What needs to be done
Apart from the pictures, which must be omitted, restate the data exactly.
── Data under study ──
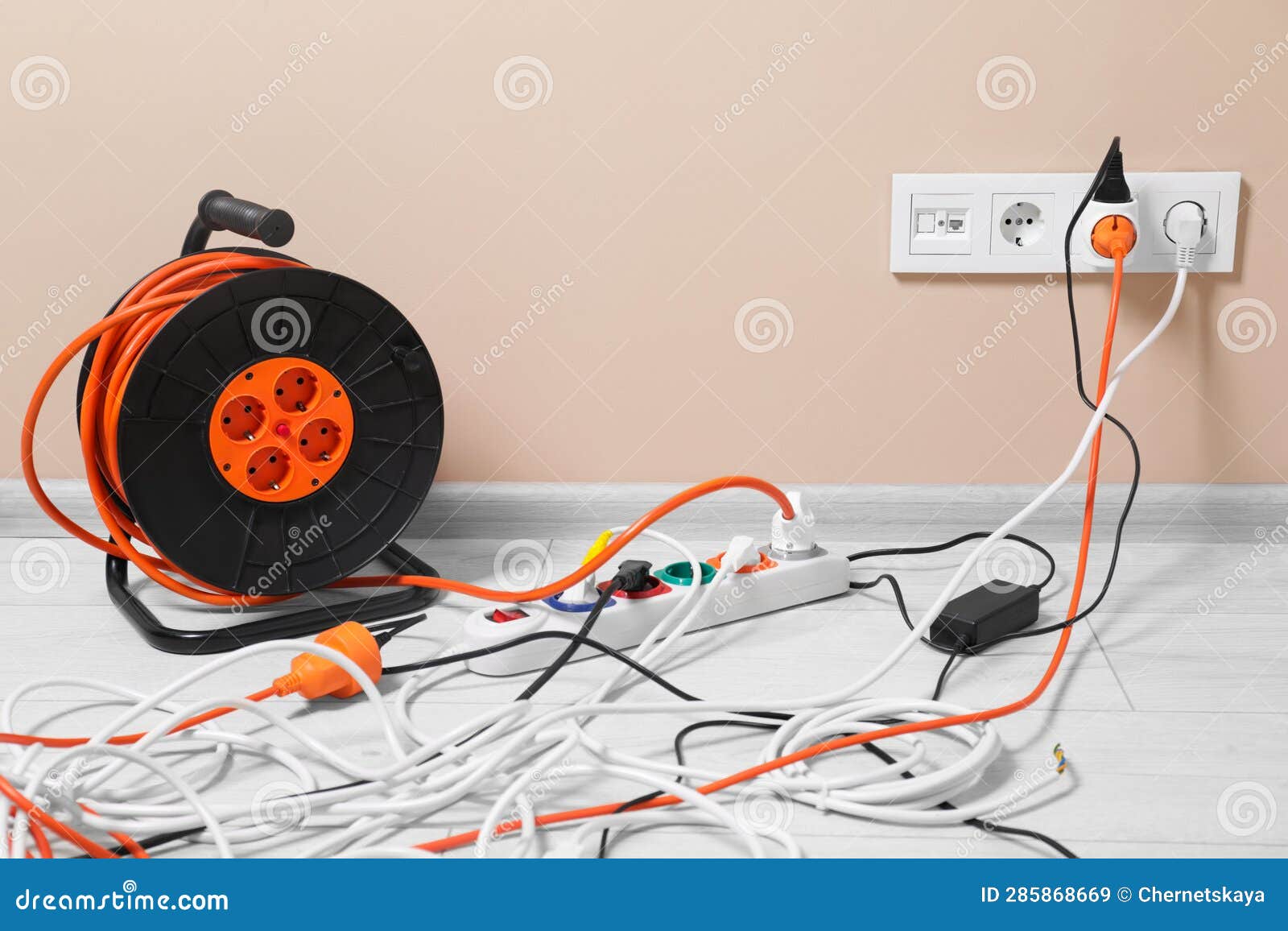 Extension Cord Reel Plugged into Socket on White Floor Indoors ...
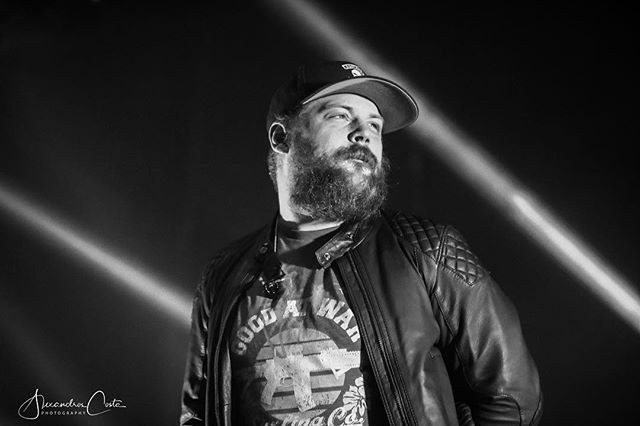 Monochrome shot of a bearded man wearing a cap and leather jacket on stage.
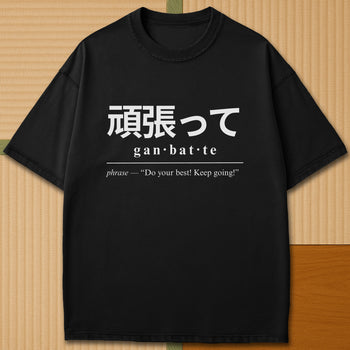 Japanese-inspired cotton Ganbatte Japanese Dictionary T-Shirt in Black on Comfort Colors 1717, styled in a modern flatlay scene.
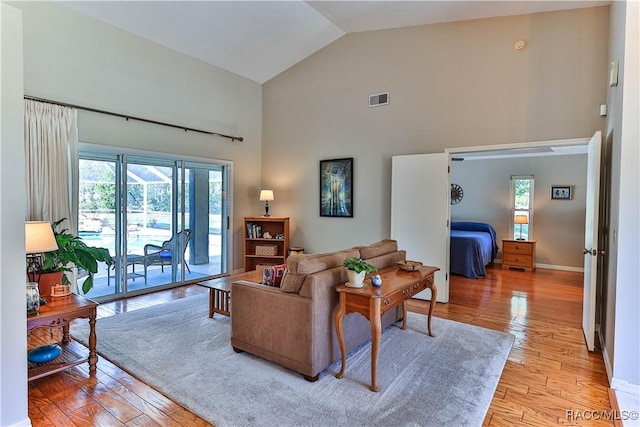 living room featuring high vaulted ceiling, baseboards, visible vents, and light wood finished floors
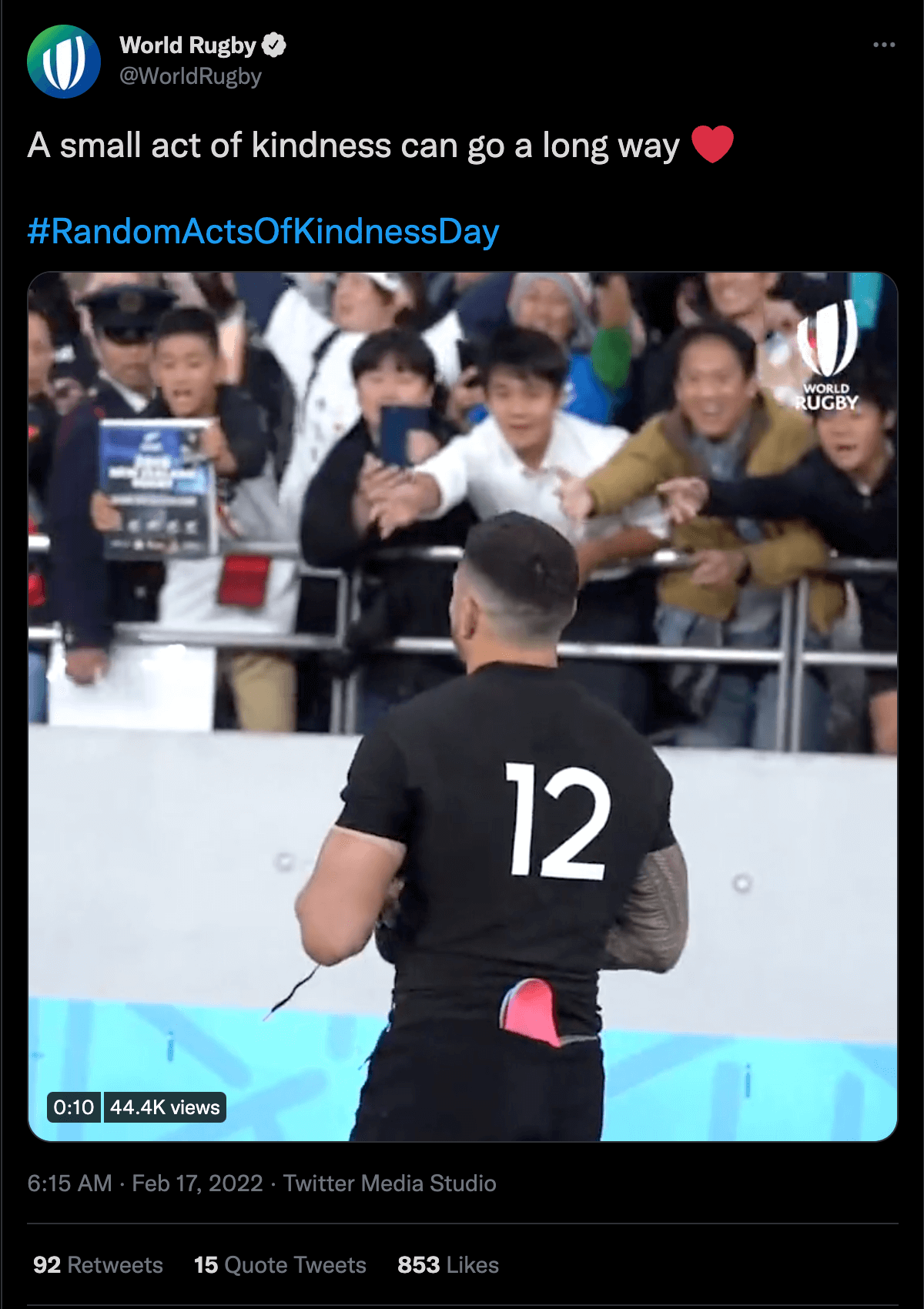 A tweet from World Rugby. The video shows a player with his back to the camera, the caption reads "A small act of kindness can go a long way #RandomActsOfKindnessDay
───
Task result
 Extension Cord Reel Plugged into Socket on White Floor Indoors ...
 Monochrome shot of a bearded man wearing a cap and leather jacket on stage.
 Japanese-inspired cotton Ganbatte Japanese Dictionary T-Shirt in Black on Comfort Colors 1717, styled in a modern flatlay scene.
 living room featuring high vaulted ceiling, baseboards, visible vents, and light wood finished floors
 A tweet from World Rugby. The video shows a player with his back to the camera, the caption reads "A small act of kindness can go a long way #RandomActsOfKindnessDay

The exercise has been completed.